● Scraped caption text data
"""

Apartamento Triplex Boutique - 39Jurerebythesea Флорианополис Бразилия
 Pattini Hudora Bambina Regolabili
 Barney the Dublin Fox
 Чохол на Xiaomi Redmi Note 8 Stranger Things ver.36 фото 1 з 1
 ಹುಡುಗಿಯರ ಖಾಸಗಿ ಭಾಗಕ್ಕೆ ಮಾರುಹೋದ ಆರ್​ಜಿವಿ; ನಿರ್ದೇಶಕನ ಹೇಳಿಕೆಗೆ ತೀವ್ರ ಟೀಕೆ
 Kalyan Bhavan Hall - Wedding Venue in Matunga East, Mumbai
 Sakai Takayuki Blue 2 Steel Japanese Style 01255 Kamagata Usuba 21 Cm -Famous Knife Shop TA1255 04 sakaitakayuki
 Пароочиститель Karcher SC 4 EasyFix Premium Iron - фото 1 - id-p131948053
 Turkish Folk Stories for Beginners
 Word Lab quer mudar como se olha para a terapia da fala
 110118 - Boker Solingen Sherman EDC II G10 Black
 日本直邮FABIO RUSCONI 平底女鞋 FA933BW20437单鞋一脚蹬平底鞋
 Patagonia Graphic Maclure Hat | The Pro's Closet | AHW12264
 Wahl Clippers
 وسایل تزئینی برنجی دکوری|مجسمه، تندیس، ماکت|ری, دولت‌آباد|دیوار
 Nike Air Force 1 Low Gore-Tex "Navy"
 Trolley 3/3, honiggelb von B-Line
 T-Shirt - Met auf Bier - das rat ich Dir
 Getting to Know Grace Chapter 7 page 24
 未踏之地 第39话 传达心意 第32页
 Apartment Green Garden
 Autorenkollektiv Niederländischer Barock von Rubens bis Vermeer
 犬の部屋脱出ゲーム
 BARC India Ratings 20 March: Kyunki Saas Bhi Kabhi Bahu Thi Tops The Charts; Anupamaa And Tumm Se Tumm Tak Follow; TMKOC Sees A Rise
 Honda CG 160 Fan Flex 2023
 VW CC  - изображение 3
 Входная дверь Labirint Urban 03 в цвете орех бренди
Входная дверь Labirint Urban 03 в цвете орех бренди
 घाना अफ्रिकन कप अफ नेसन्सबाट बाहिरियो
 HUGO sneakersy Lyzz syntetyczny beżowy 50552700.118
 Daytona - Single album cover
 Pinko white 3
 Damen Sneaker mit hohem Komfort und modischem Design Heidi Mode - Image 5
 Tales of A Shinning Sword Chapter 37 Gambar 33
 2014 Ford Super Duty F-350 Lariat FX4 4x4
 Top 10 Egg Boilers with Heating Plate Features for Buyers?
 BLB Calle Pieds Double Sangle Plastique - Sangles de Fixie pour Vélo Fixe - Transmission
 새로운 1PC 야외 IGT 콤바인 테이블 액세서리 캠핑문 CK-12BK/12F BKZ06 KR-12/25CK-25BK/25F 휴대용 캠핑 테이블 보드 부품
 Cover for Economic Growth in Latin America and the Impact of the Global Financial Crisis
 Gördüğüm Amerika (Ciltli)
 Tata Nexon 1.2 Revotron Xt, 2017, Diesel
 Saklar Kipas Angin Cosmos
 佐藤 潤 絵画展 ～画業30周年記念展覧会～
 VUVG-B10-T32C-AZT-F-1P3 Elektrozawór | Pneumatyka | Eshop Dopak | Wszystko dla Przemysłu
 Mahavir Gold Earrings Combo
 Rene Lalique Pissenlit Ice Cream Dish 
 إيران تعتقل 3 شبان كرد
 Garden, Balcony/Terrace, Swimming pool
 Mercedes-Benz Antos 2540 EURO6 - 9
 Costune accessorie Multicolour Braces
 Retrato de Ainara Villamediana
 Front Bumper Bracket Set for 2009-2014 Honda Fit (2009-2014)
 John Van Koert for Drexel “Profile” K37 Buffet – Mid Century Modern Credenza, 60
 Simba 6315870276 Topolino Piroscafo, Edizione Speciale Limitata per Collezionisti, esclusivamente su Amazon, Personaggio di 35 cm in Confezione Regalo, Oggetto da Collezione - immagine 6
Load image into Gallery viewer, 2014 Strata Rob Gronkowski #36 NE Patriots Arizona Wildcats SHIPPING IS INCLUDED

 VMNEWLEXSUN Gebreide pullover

"""

● What is needed
Filter the entries above down to the lines that contain "фото".

● Solution to this problem
 Чохол на Xiaomi Redmi Note 8 Stranger Things ver.36 фото 1 з 1
 Пароочиститель Karcher SC 4 EasyFix Premium Iron - фото 1 - id-p131948053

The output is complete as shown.